Jake said, “This isn't going to help your standing on the island much.”

“Nobody spotted me while Gomez got you out of there. It'll be safe for me to stay around awhile longer.”

They climbed in silence for several minutes.

Then from the darkness far below near the plantation came a faint chuffing sound.

“Skycars,” said Jake.

“At least two of them,” added Gomez.

Silveira halted. From a trouser pocket he took three small black squares of plaz. “Fix one of these to your clothes,” he told them, passing a square to each and slapping one to his jacket. “It'll block your aura and fool their sensors.”

“If they use litebeams, they may spot us anyhow,” said Jake.
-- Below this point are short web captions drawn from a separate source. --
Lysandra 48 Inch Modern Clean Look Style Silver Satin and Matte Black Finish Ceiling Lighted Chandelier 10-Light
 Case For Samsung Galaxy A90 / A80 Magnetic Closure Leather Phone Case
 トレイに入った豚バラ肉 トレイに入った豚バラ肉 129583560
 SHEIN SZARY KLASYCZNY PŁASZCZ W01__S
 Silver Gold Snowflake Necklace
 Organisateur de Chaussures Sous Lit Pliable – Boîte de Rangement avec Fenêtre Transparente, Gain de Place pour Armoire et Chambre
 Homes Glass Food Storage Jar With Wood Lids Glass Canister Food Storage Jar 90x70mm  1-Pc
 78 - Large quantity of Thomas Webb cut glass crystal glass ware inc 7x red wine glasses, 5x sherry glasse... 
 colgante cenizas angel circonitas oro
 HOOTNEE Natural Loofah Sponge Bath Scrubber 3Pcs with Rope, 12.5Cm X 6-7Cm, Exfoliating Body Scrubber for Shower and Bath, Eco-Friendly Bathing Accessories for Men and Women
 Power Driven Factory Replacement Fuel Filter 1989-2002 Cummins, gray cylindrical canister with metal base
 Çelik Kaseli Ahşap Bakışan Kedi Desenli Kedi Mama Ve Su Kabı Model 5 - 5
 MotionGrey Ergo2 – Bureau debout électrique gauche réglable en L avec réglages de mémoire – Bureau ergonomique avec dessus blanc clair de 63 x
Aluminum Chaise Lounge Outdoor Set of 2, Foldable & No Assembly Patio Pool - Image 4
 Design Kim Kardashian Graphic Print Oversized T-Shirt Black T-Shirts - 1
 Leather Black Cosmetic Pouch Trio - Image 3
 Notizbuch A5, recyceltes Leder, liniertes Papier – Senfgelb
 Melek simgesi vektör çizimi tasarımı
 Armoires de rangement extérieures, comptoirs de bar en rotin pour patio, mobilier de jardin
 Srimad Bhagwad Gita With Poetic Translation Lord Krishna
“We'll have to make sure they don't.” Silveira sprinted across the roadway and into the tangle of jungle that stretched away beside it.

When they were in among the trees and flowering brush, Gomez said, “Maybe we should've tried to take back the skyliner.”

“Too many guards.” Silveira led them up through the night woodlands.

The sound of the skycar engines was growing louder. Looking back, Jake saw three of them drifting up through the darkness. The headlights bobbing like lanterns in the wind. From the belly of each craft came a wide beam of intense bluish light. The skycars were moving slowly at a height of about 200 feet, sweeping the ground below them with light.

The cars separated after a moment. Two of them headed inland and the third kept heading up toward Jake and his companions.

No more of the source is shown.